Blue Streak comes up a lot in British space/nuclear discussion and I think there is a lot of misconception surrounding it, someone (me?) really should gather some definitive stuff together and put it in my British cold war facts and figures thread.
While the Blue Streak itself was almost a 2//3 scale version of the Atlas its intended mode of operation and thus utility and longevity as a deterrent were vastly better. The Blue Streak was always fully fuelled in it's silo, but the LOX tank was filled with pressurised nitrogen to keep thin-wall the missile rigid, each silo had a LOX tank which re-liquefied LOX boil-off and the LOX was 'blasted' into the oxidiser tank by compressed gas in 3 1/2 minutes. The missile was then launched directly from the silo (not hoisted to the surface like Atlas and Titan I), the blast doors being equipped with high pressure water jets to clear away any debris that might block its opening operation, within 4 1/2 minutes.
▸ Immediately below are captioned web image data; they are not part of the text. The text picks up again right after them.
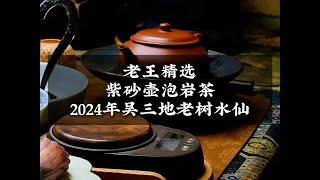 老王精選紫砂壺泡岩茶2024年吳三地老樹水仙 #今天你喝茶了嗎 #召喚茶友 #岩茶 #岩茶水仙 #紫砂壺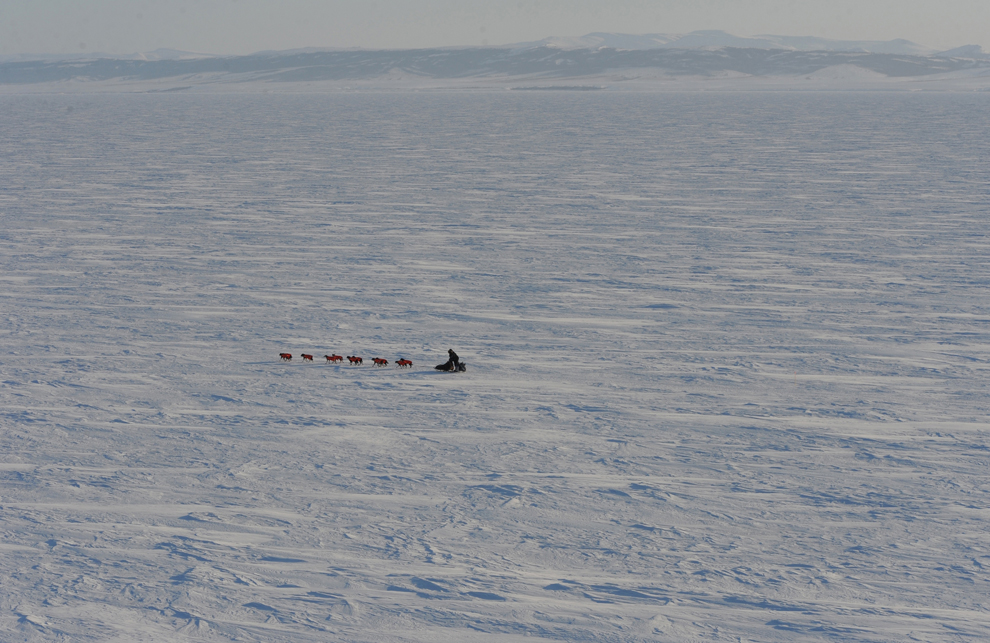 гонка на собачьих упряжках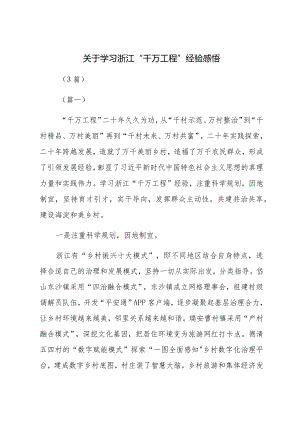 关于学习浙江“千万工程”经验感悟（3篇）.docx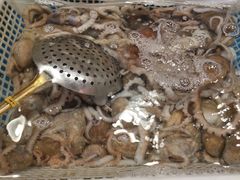 -旺角小渔村·海肠捞饭开创者(环山路店)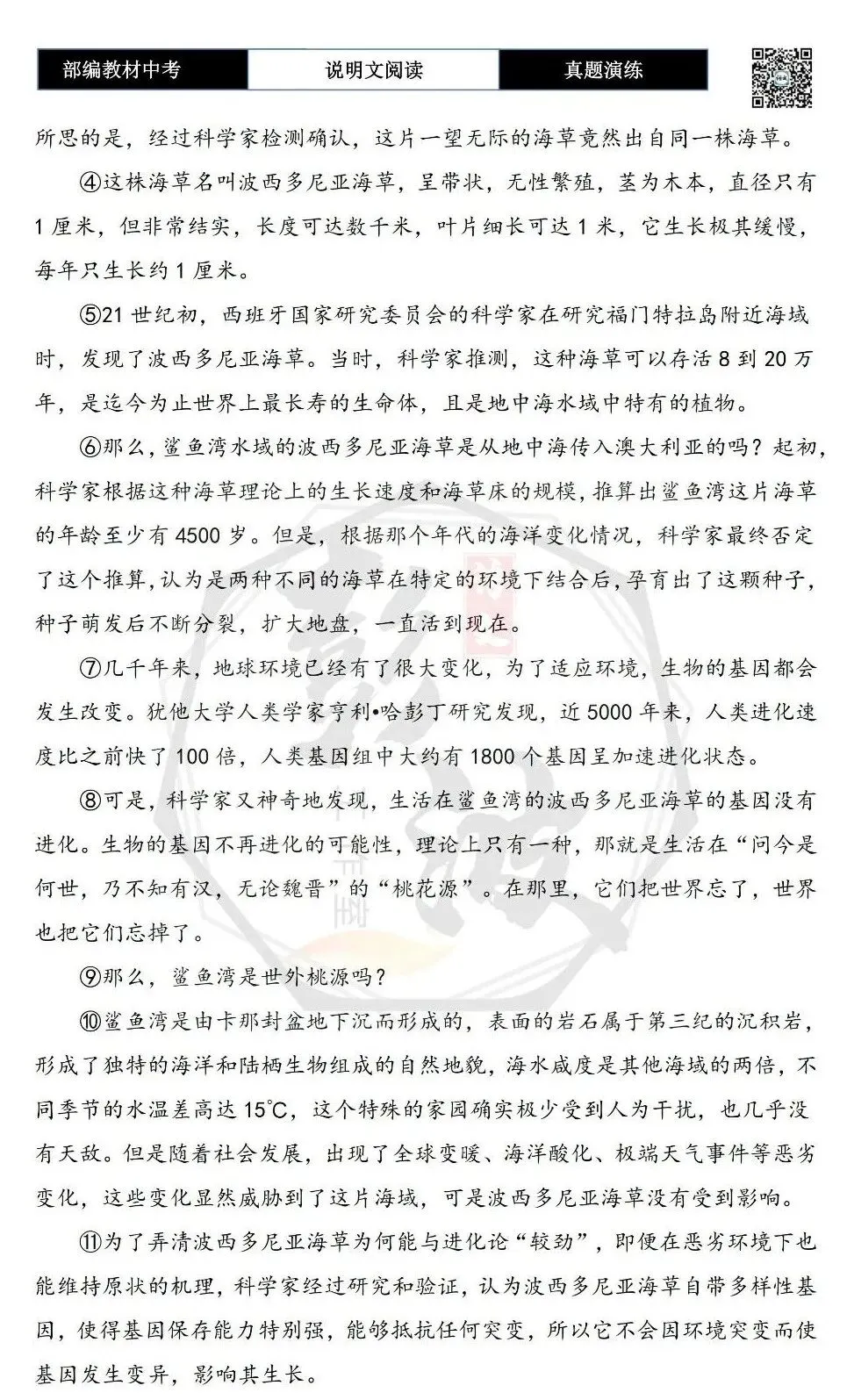 【中考专项-说明文阅读9讲】课件+文本+例文实战-04说明文语言赏析(5元)-第57张图片-四季读书网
Once the LOX was on board the missile could be kept fully fuelled and ready for 30 second launch for 10 hours, before having to be drained of LOX and made ready to repeat the process, the turnaround time for this process also being 10 hours. Thus in theory 50% of the Blue Steak force could be kept at 30 seconds notice to fire, which in deterrent terms is more than suitable.
However what II suspect would happen in practice is the time on 30 second alert would creep up to maybe 12 hours, the time to turn around for the next 30 second alert would creep down to 8-9 hours and an intermediate stage of turnaround to 4 1/2 minutes to launch introduced, maybe 6 (?) hours. The result is a system that is considerably more flexible than Polaris and able to put up to 60% of its force on 30 seconds to launch or the whole force down to 4 1/2 minutes to launch and anything in between as the international diplomatic situation requires.
The upshot being that writing off a British space programme because Blue Streak is a piece of shit isn't really valid.